From the records below, output exactly the lines running from the line containing "Gambar 7. Perbandingan" through the line containing "David Sipes - @david.sipes.10 - Instagram", and no others.

Listed entries:
※
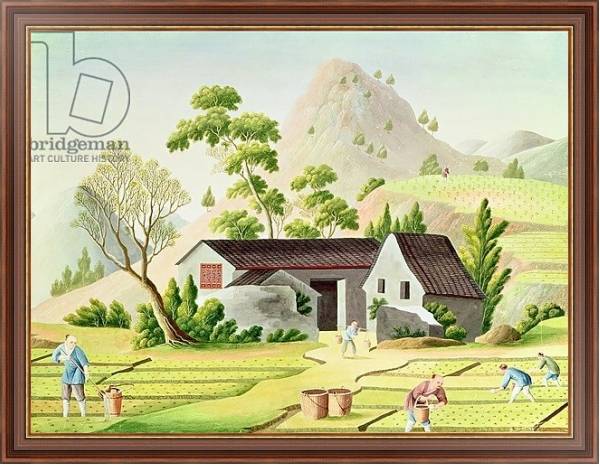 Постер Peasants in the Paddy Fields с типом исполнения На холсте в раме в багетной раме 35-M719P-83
※
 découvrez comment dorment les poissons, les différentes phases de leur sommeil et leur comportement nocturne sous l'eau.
※
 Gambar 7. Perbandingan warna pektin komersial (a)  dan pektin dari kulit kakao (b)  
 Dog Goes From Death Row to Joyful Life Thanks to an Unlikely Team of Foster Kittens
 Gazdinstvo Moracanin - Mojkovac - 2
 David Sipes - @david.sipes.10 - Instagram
※
Your response:
 Gambar 7. Perbandingan warna pektin komersial (a)  dan pektin dari kulit kakao (b)  
 Dog Goes From Death Row to Joyful Life Thanks to an Unlikely Team of Foster Kittens
 Gazdinstvo Moracanin - Mojkovac - 2
 David Sipes - @david.sipes.10 - Instagram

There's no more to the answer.